Economie - Editoriaux - Politique - 15 novembre 2018

Réduction des dépenses de l’État : il va falloir encore attendre…

Nous vous parlions ici, récemment, du train de vie fastueux du cabinet d’Édouard Philippe. Christine Dalloz, rapporteur spécial de la commission des finances, dénonçait alors les effectifs pléthoriques et les dépenses qui vont avec.

Aujourd’hui, c’est le bien connu René Dosière – ancien député (apparenté PS) de l’Aisne qui s’est fait un nom dans l’épluchage des comptes publics – qui se penche sur le document budgétaire des « effectifs des cabinets ministériels ». Son examen à la loupe réserve quelques surprises.

Premier point positif : tout n’est pas si noir. Ainsi apprend-on que les effectifs sont restés à peu près stables, passant de 2.328 personnes, en 2017, à 2.366, actuellement. Bonne nouvelle, également, pour les tenants de la parité : celle-ci est, à peu près, respectée puisqu’on compte 46 % de femmes dans ces personnels. Je pense, quant à moi, que la parité est une ânerie mais, comme disait notre vieux voisin solognot : « C’est mon avis et j’la partage. »

Toutefois, si ce principe est strictement respecté au cabinet de Marlène Schiappa, secrétaire d’État chargée de l’Égalité entre les femmes et les hommes – c’est bien le moins qu’elle puisse faire –, il apparaît que « deux cabinets de ministres femmes ne comportent aucune femme. Beau contre-exemple ! » glisse Dosière. Cher René, vous en dites trop ou pas assez : on veut des noms !

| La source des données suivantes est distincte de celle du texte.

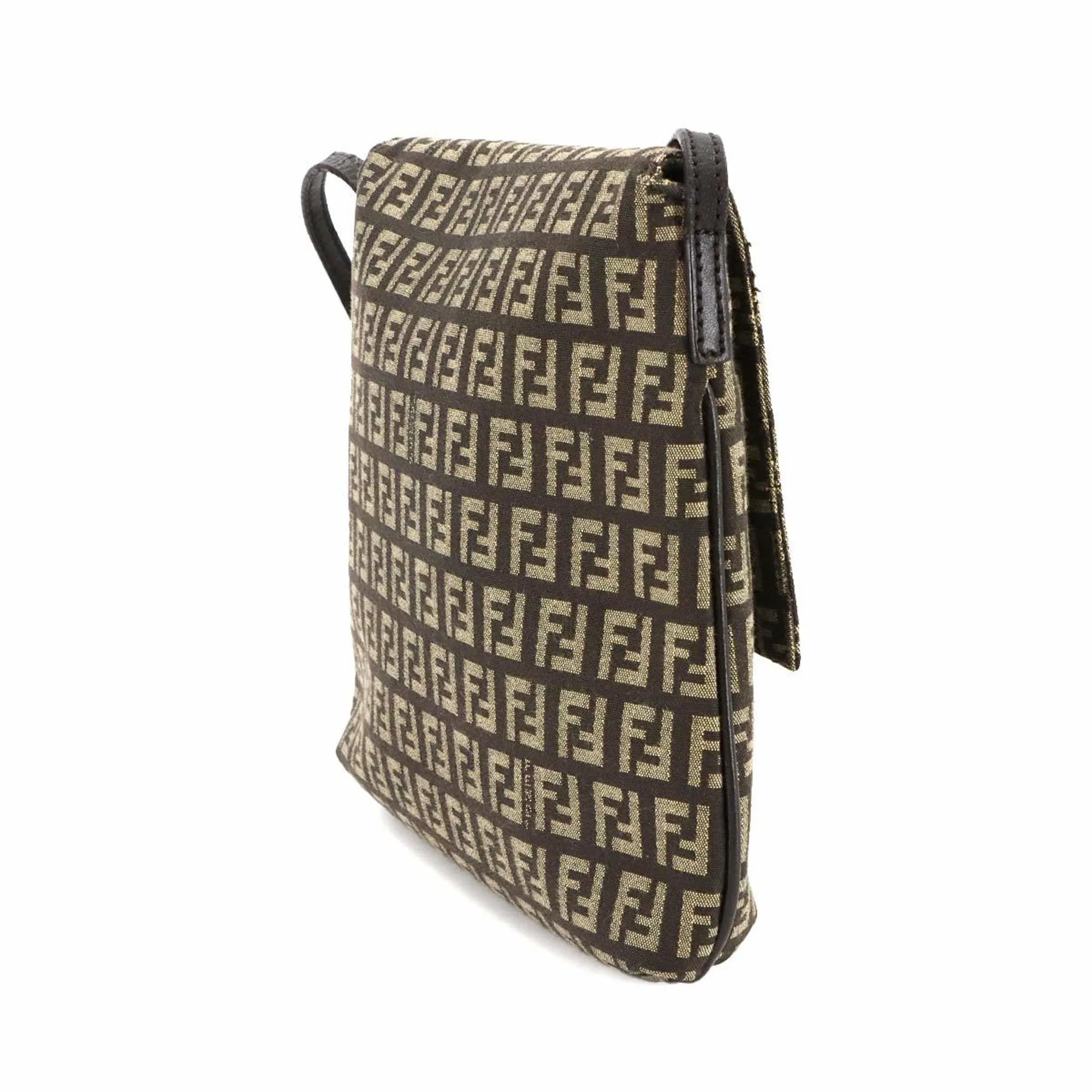 Fendi Canvas Leather Shoulder Bag (Pre-Owned)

Autre surprise : les effectifs affectés à la protection des ministres. Protection renforcée, voire très renforcée pour certains : 24 personnes pour Christophe Castaner à l’Intérieur, 19 pour Jean-Yves Le Drian aux Affaires étrangères, 19 également pour Florence Parly, ministre des Armées, et 12 pour le ministre de la Justice Nicole Belloubet. Les autres se contentent de deux anges gardiens attachés à leur auguste personne.

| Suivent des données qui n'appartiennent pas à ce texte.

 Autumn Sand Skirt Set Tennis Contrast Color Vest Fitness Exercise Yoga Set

On est nettement plus étonné devant les dépenses en personnel concernant « l’intendance », à savoir cuisine et hôtellerie. Là, c’est le ministère des Armées qui arrive en tête (73 personnes !), essentiellement des militaires, nous dit-on, preuve que le « rata » s’est bien amélioré… Arrivent derrière les Affaires étrangères, où l’on reçoit beaucoup (38 personnes), puis l’Écologie (24 agents verts pour chasser le bio et cuisiner le tofu), suivie du ministère de l’Intérieur (19), de l’Éducation nationale (15), et enfin tout ce qui touche à nos finances, soit 33 personnes affectées à Bercy. On en déduira que même à la tête de l’État, il faut choisir sa cantine.

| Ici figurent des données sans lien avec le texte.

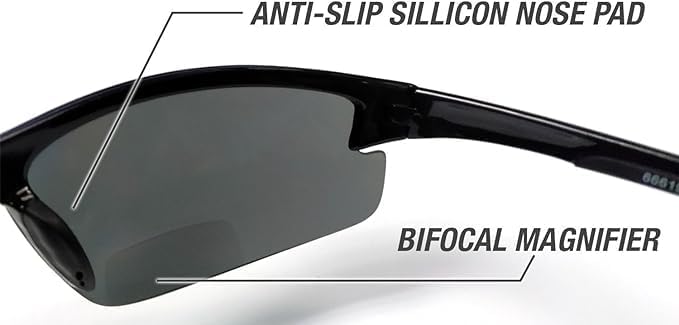 Renegade Patented Bifocal Polarized Reader Half Rim Men's Fishing Sunglasses 100% UV Protection with Microfiber Bag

Autre particularité : « le nombre important de chauffeurs », certains ministères ayant sans doute des urgences qui nous échappent. Ainsi, la Justice et la Santé (18 chacun), histoire, sans doute, d’échapper aux voleurs et aux virus ; on en dénombre 16 à l’Agriculture : pour sillonner la campagne française ? Mais le plus étonnant, là encore, ce sont les 30 chauffeurs affectés à Bercy pour 4 ministres (7,5 par tête) et surtout 22 à l’Écologie pour 3 ministres, soit 7,33 chauffeurs chacun pour des gens qui voudraient tous nous voir circuler à vélo ou en trottinette !

Le Premier ministre, lui, ne compte à Matignon « que » 14 chauffeurs quand Manuel Valls en avait 20. En revanche, les effectifs n’ont pas baissé : 486 personnes pour faire tourner la boutique…

Reste la question des rémunérations, choquante à maints égards, dit René Dosière, même si l’augmentation est « plutôt satisfaisante au regard de l’explosion (+20,5 %) constatée l’an dernier ». Sur ce plan, une analyse détaillée laisse apparaître que « dans douze ministères, la rémunération des conseillers augmente à un rythme sans équivalent avec l’évolution salariale de la fonction publique, atteignant +26 % et même +49 %, ce qui est scandaleux au vu de la politique salariale dans la fonction publique, et alors même que les traitements de départ étaient déjà élevés ».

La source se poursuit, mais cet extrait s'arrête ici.